DFKI OT Data
Speech database for the OT Turkish TTS voices in MaryTTS.
Data format
Audio
The audio data is provided in the losslessly compressed FLAC format, which can be played by a myriad of software, including Praat. The speaker was recorded at a 44.1 kHz sampling rate, 16 bits per sample, in mono. No filters of any sort have been applied to this raw data.
Phonetic segmentation
Annotations are provided as a single YAML file. It contains a list of utterances, each of which consists of
- a prompt code (file basename),
- the utterance text,
- the recording date,
- utterance start and end times (in seconds) in the FLAC file,
- the phonetic segments (obtained using the eHMM tool from FestVox 2.1), each of which has
- a label (based on SAMPA,
_
denotes silence), and - its duration (in seconds)

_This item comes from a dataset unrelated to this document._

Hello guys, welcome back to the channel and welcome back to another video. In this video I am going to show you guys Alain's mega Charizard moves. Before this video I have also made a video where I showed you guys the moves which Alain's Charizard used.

- a label (based on SAMPA,
For example,
- prompt: ot0798
text: Resim ticaretine başladı.
date: 2009-07-10T07:32:17Z
start: 4553.4053741500
end: 4556.6553741500
segments:
- { lab: _, dur: 0.324969 }
- { lab: r, dur: 0.1 }
- { lab: e, dur: 0.1 }
- { lab: s, dur: 0.135 }
- { lab: I, dur: 0.035 }
- { lab: m, dur: 0.08 }
- { lab: t, dur: 0.095 }
- { lab: I, dur: 0.05 }
- { lab: dZ, dur: 0.115 }
- { lab: a, dur: 0.11 }
- { lab: r, dur: 0.025 }
- { lab: e, dur: 0.065 }
- { lab: t, dur: 0.125 }
- { lab: I, dur: 0.025 }
- { lab: n, dur: 0.035 }
- { lab: e, dur: 0.07 }
- { lab: b, dur: 0.065 }
- { lab: a, dur: 0.12 }
- { lab: S, dur: 0.18 }
- { lab: l, dur: 0.015 }
- { lab: a, dur: 0.06 }
- { lab: d, dur: 0.07 }
- { lab: '@', dur: 0.17 }
- { lab: _, dur: 0.595 }
Extracting the data
Prerequisites
Java 8 (or later) and SoX must be installed.
Assembling the data
The data processing is delegated to Gradle and the FLAML plugin.

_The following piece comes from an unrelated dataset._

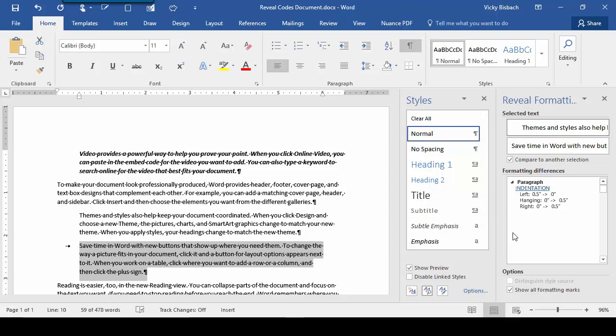There's a left indent, a .5 set in the first paragraph and not in the second. There's no hanging indent in the first paragraph, but there is a .5 in the second. And for right indent, there is nothing in the first paragraph, but there's a .5 in the second. So you can see that it's really quick in finding the differences, so now we can make any of our necessary changes.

To download and extract all data, run
./gradlew downloadAudio extractTextFiles extractLabFiles extractWavFiles
See the FLAML plugin documentation for details.
To prepare the data for distribution, run
./gradlew assemble
Copyright and license
Copyright 2009 DFKI GmbH.
This work is licensed under a Creative Commons Attribution-NonCommercial-ShareAlike 4.0 International License.